* WORK INSTRUCTIONS: Using the records that follow, reproduce exactly the lines starting at the line containing "A Lammergier, or" and ending at the line containing "Rhododendron Encore® Autumn". Include both end lines and no pictures.

* GIVEN DATA:
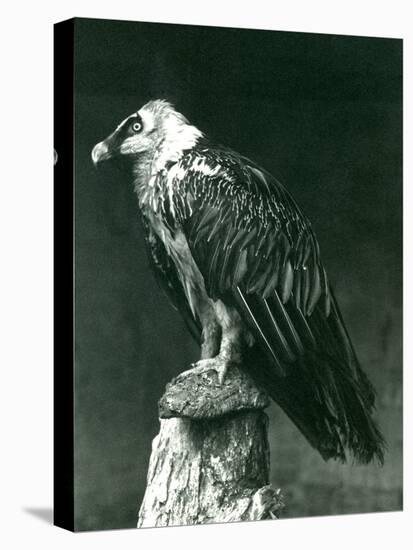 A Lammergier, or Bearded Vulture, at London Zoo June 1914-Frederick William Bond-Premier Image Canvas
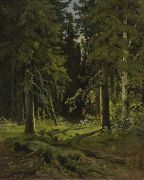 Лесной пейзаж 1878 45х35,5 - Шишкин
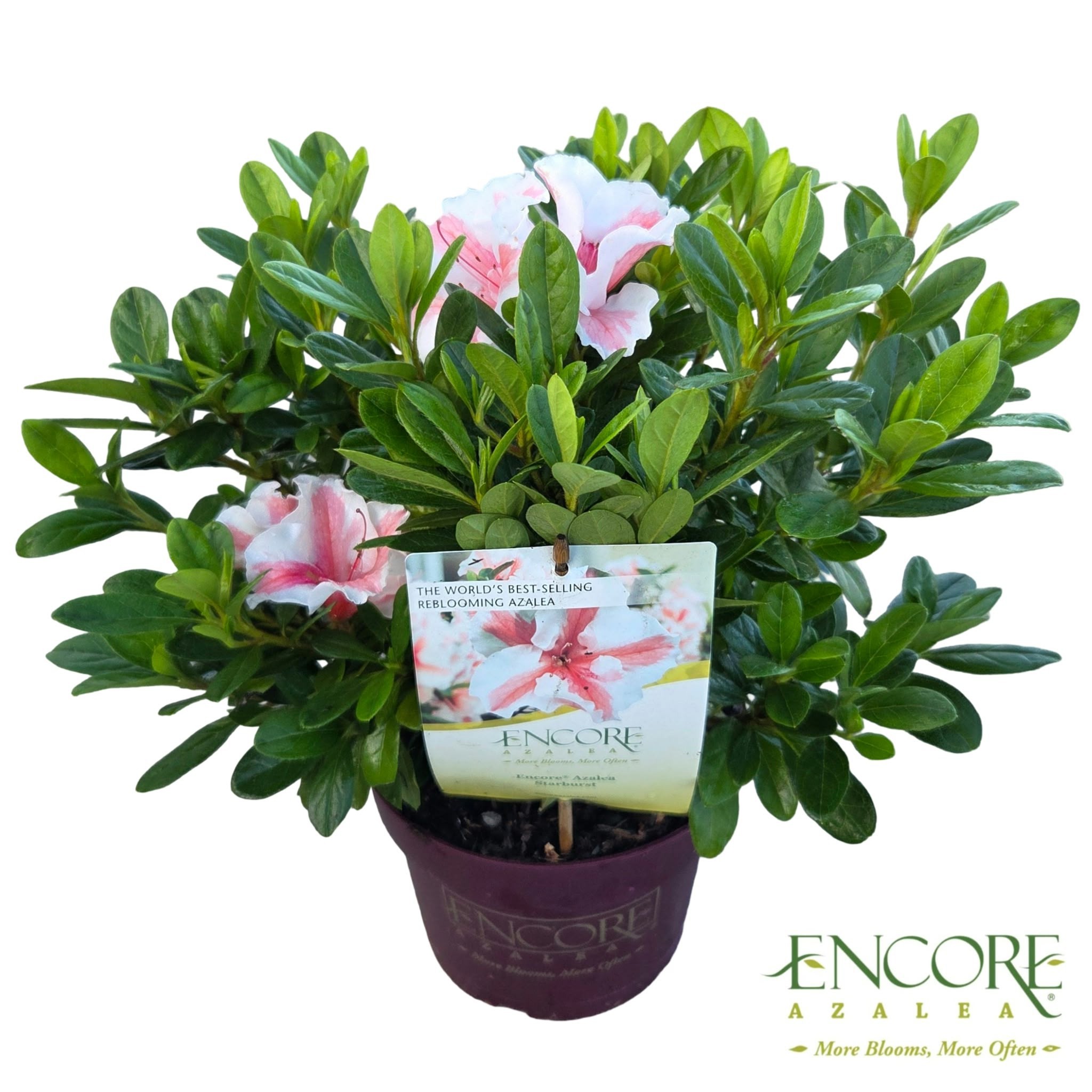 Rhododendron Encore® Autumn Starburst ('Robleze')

==

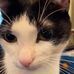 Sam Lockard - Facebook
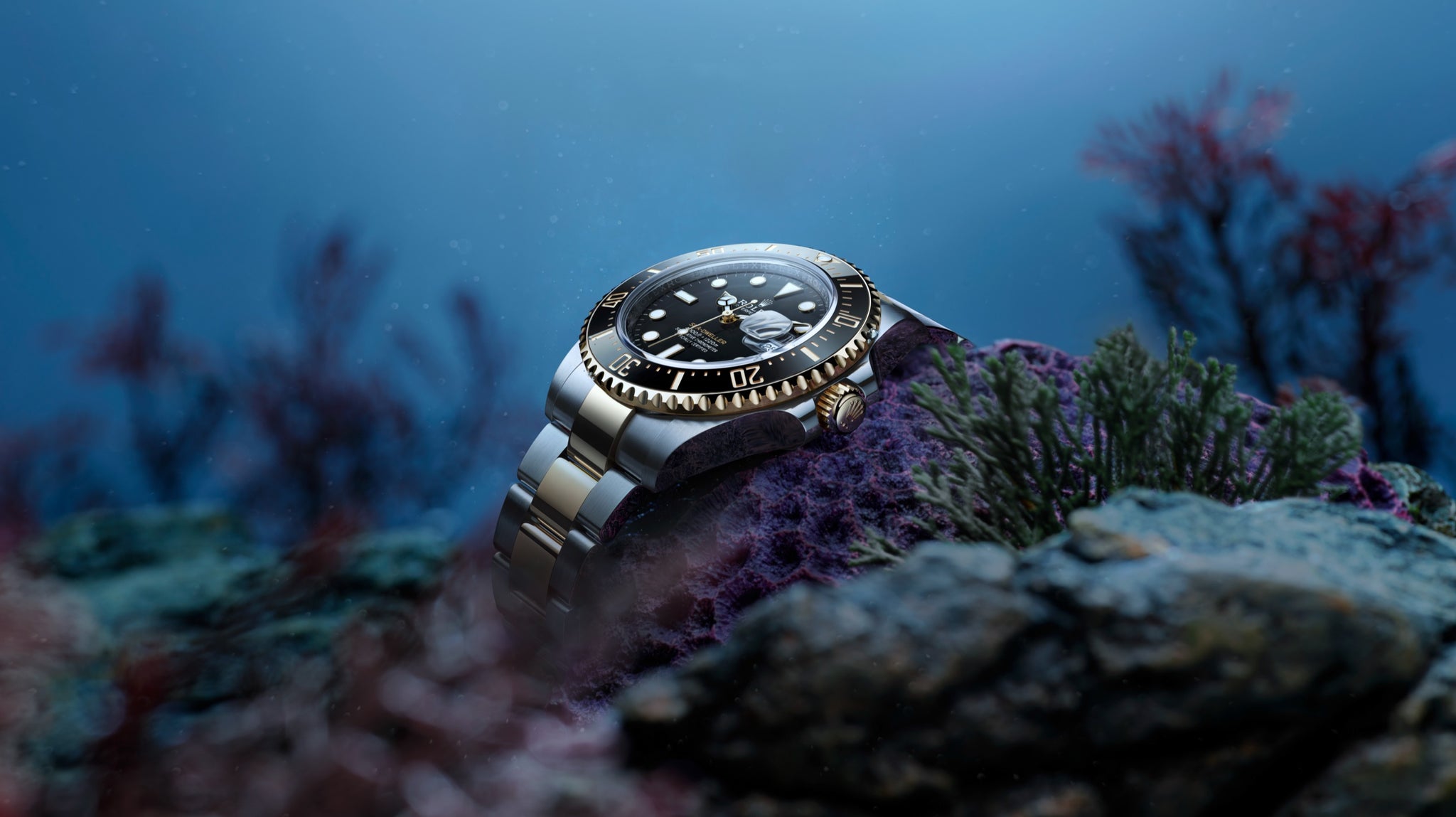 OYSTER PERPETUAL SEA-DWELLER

* OUTPUT FOR THIS EXERCISE:
 A Lammergier, or Bearded Vulture, at London Zoo June 1914-Frederick William Bond-Premier Image Canvas
 Лесной пейзаж 1878 45х35,5 - Шишкин
 Rhododendron Encore® Autumn Starburst ('Robleze')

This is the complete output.